Sun Voyager — Sólfar in Icelandic — is a gleaming steel sculpture on Reykjavik's seafront promenade, created by Jón Gunnar Árnason and unveiled in 1990. It's designed to look like a Viking longship, though Árnason himself described it as a dream boat, a vessel of light evoking the promise of new horizons. The sculpture stands on a low plinth right at the water's edge along Sæbraut, the coastal road that runs east from the city center, with the Esja mountain across the bay as its backdrop. It has become one of Iceland's most photographed landmarks — and rightly so.
Visiting is completely free and straightforward. You walk up to it, around it, and photograph it from every angle while the bay stretches out before you. On clear days the light bounces off the polished steel in extraordinary ways, especially in the long golden hours of the Icelandic summer or during the low winter sun. The promenade here is wide and pleasant, and people jog, cycle, and stroll past at all hours. At night, the sculpture is lit up and takes on a different, more mysterious quality. In winter, if you time it right, the northern lights can arc above it.
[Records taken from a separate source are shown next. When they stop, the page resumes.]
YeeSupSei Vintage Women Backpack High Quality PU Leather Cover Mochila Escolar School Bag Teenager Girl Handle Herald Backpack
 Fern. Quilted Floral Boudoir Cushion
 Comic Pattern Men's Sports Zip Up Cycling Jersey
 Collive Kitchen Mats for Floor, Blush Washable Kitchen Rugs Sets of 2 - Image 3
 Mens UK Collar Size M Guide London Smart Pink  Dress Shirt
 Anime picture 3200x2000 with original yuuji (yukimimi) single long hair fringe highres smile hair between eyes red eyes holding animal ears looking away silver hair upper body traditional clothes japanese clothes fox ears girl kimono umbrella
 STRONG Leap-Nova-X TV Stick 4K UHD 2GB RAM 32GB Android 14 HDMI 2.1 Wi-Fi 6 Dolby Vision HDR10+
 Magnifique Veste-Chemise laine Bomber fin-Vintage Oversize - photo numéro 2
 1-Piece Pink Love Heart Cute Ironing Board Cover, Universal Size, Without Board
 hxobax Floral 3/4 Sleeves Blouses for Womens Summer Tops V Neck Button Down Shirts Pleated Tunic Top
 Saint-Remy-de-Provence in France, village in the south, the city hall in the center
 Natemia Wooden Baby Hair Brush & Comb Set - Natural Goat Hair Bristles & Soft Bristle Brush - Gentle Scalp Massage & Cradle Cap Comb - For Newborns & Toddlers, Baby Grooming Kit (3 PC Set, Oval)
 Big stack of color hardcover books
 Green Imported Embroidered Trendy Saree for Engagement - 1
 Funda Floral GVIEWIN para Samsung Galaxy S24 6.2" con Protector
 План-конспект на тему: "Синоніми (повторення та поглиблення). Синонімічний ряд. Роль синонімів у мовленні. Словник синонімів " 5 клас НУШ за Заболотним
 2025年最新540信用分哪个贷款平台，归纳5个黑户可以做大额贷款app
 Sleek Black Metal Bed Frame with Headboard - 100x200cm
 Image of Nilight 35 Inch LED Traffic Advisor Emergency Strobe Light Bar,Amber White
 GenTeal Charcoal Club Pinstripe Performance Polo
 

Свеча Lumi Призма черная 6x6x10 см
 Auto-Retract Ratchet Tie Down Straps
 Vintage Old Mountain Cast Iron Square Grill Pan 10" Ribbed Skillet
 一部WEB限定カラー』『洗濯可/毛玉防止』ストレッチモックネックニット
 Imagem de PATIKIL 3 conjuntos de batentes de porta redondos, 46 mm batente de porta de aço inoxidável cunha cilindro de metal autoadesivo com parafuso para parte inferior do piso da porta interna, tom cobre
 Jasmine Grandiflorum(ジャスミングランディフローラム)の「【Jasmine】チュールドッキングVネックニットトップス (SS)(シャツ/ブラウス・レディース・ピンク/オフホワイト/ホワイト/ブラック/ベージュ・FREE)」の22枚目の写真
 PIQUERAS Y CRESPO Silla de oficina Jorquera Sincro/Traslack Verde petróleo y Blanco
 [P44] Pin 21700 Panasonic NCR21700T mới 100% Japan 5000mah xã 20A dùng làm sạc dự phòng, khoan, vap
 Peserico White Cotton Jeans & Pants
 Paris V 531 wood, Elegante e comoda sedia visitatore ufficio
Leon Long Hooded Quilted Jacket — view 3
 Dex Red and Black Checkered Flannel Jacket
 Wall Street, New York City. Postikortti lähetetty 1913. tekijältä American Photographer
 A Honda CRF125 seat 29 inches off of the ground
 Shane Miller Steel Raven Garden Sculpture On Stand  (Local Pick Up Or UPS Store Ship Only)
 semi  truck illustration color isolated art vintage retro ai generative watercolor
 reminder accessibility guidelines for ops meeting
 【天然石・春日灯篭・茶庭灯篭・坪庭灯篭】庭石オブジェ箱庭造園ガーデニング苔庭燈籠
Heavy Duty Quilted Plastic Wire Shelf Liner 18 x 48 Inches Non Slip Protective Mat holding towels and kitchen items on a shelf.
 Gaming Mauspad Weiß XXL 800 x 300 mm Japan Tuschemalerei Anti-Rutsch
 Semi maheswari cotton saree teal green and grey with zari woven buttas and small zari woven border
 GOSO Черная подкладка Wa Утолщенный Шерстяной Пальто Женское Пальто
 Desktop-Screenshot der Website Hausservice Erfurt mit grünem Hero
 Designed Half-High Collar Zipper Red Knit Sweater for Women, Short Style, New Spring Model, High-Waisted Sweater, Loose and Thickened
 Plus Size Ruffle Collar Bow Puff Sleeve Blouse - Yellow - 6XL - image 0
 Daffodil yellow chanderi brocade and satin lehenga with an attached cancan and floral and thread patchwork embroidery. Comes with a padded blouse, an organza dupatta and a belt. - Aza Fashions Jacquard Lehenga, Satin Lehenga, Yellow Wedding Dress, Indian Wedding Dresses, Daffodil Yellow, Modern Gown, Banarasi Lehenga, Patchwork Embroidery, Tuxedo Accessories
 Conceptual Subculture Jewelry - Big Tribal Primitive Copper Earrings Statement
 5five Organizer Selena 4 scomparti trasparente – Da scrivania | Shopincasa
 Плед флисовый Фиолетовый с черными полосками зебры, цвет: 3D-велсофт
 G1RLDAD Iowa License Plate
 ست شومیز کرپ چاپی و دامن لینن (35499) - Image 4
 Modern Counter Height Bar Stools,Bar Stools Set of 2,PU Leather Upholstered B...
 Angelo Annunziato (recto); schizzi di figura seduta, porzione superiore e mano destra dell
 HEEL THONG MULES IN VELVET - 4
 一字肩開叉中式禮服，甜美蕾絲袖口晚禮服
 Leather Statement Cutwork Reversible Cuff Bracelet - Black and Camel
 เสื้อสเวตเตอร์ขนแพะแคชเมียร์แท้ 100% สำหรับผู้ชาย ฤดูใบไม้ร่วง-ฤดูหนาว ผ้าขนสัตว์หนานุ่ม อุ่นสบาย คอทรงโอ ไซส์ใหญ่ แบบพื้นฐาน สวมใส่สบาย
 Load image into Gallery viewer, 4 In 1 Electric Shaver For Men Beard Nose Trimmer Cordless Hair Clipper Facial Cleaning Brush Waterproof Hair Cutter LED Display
There's no entrance fee, no queue, and no hours — it's always accessible. The sculpture sits roughly midway between Harpa concert hall to the west and the Höfði house (where Reagan and Gorbachev met in 1986) to the east, so it fits naturally into a walk along the waterfront. Come at golden hour if you can. Early morning in summer, when the light is extraordinary and the crowds are thin, is particularly special.